# Anyone know a Dog Trainer in Riverside, CA area?



## marreromcp (Oct 15, 2014)

Hello Everyone,

I wanted to know if anyone has a good dog trainer they could recommend in the Riverside inland empire area of California? I am looking for advance training and schutzhund. If anyone knows or has good reviews let me know!

Thank you!


----------



## mspiker03 (Dec 7, 2006)

I don't know him personally, but a good friend trains with Ted Bellmyer somewhere in that area. And she speaks very highly of him. I believe the website is 5ok9.com

You could also try and find her (my friend) here for more info - her user name is The Stig.
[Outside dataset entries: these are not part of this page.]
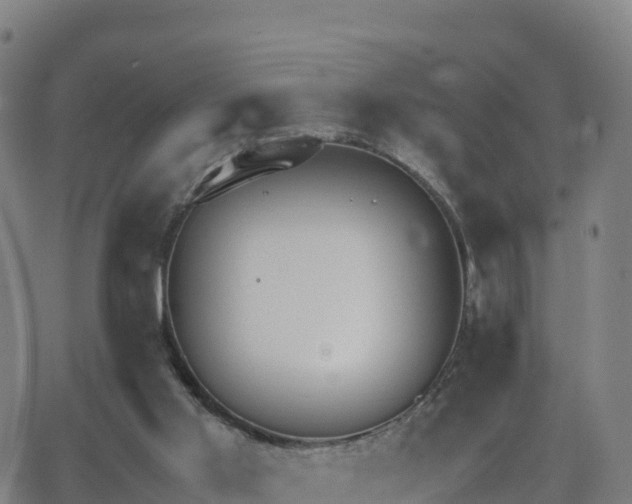 X0000062670013200512230958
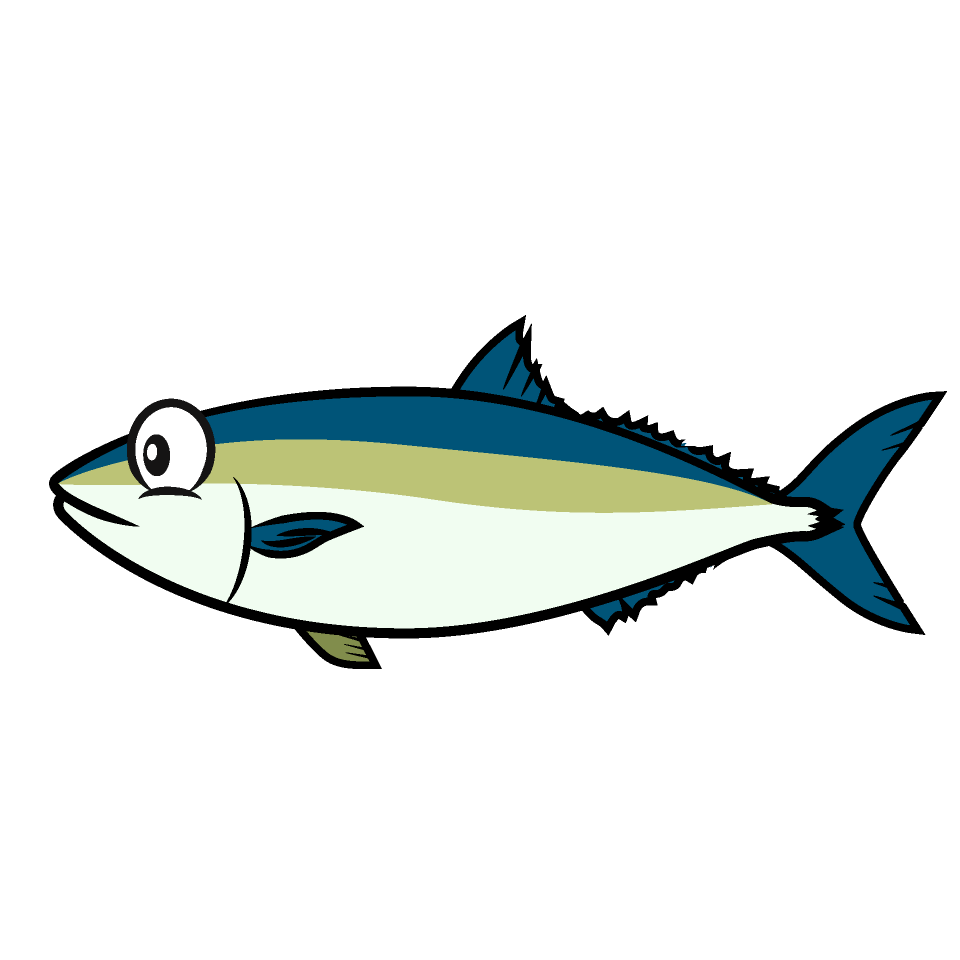 Yellowtail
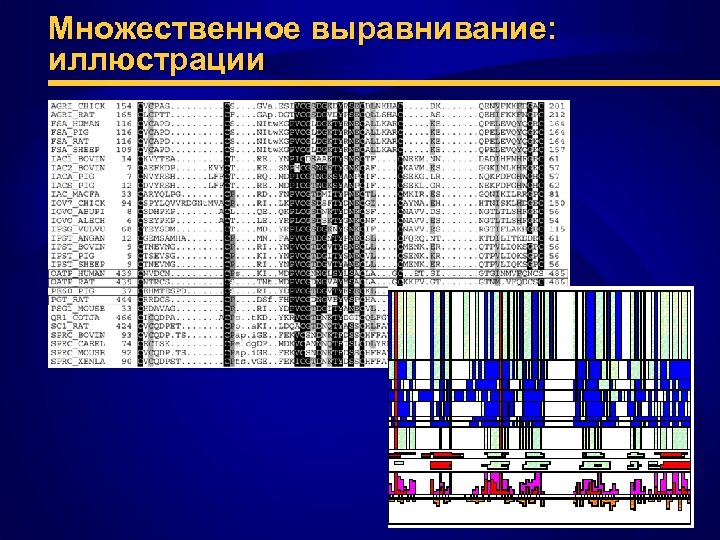Множественное выравнивание: иллюстрации 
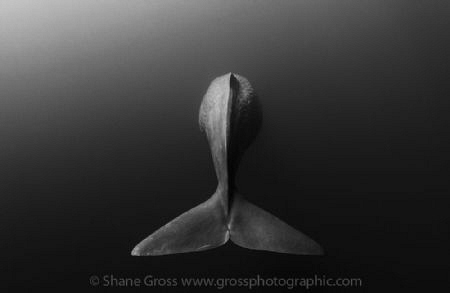 Shane Gross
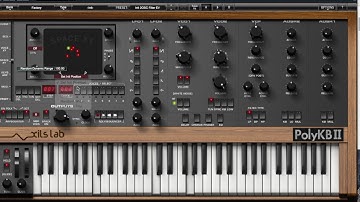PolyKB II V2 5 SpaceXY Tutorial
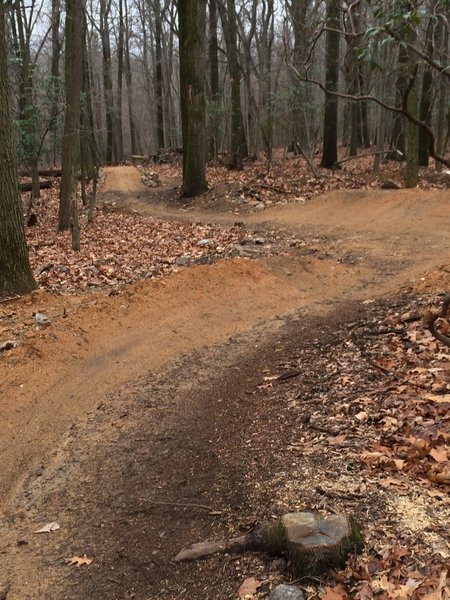 Berms and Table Tops abound on the Aline Gravity Trail. These features can be executed by riders of all levels. Be sure to check your speed!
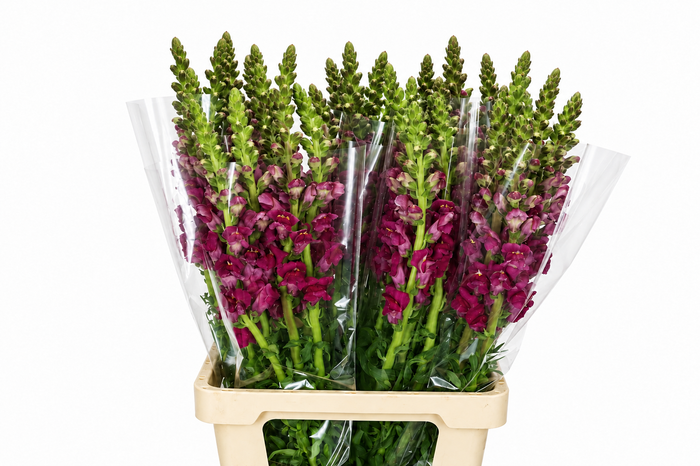 <h4>Antirrhinum Potomac Purple</h4>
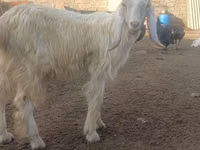 Billy Goat, Goats — photo 2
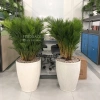 Cây Cau Nhật Cau Lụa size nội thất - Trang trí văn phòng, nhà ở, giảm còn 345k 5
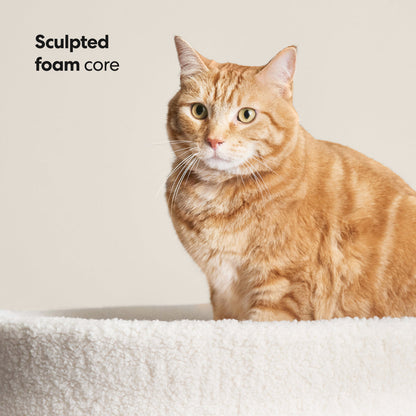 Modern Cat Bed Cushion for Indoor Cats & Kittens, Sculpted Foam Nest with Soft Faux Shearling Cover, for Napping, Lounging, Bedrooms & Sunny Spots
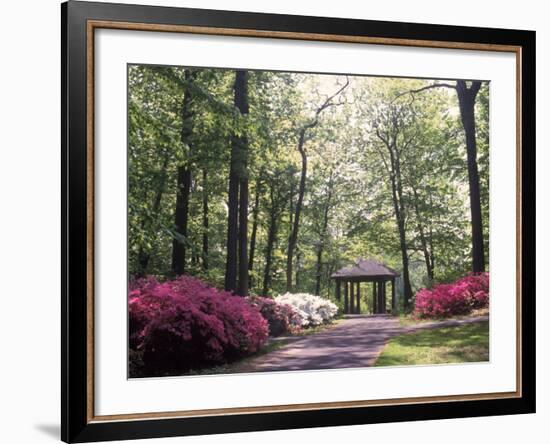 Azalea Way, Botanical Gardens, Bronx, NY-Lauree Feldman-Framed Photographic Print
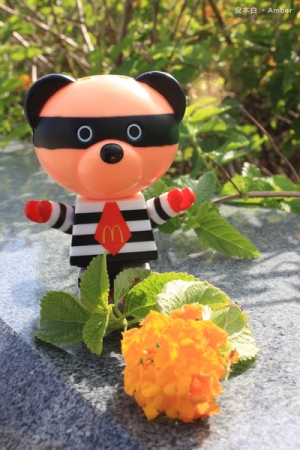 採花神偷 ?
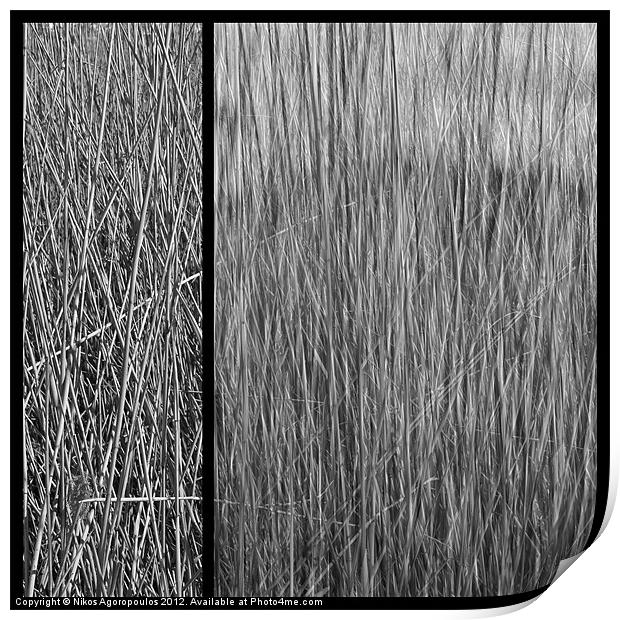 Reeds abstract 4 Print by Alfani Photography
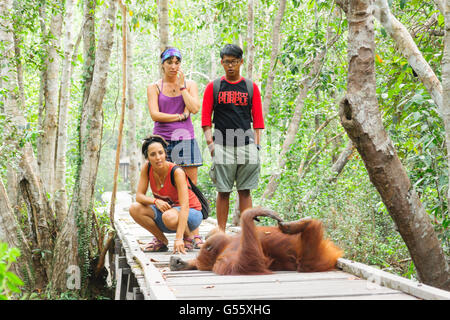 Indonesia, Kalimantan, Borneo Kotawaringin Barat, Tanjung messa National Park, Orango Tango è nel modo in cui Foto Stock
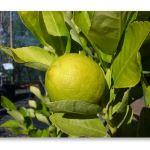 Citrus aurantifolia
She is not on here a lot though.


----------



## duc71 (Jun 16, 2011)

Try out our Golden State Schutzhund Club, contact: Marie Weller (951) 353-1252 for detail and mention that Andy refer to you  then you can come to try us our for free two time if you want to join or you can pay $30 each time after that , we have an national helper level ( you google Lionel Maddor look on facebook for Golden State Schutzhund Club) and many experience members. We are an experienced group of dedicated people who train, support and care about the achievement and progress of others.
We meet at Sunday from 8am to 12am and wed from 7pm to 9pm at the club, the club 's location at corner of La Sierra and Blackburn. I hope to see you there


----------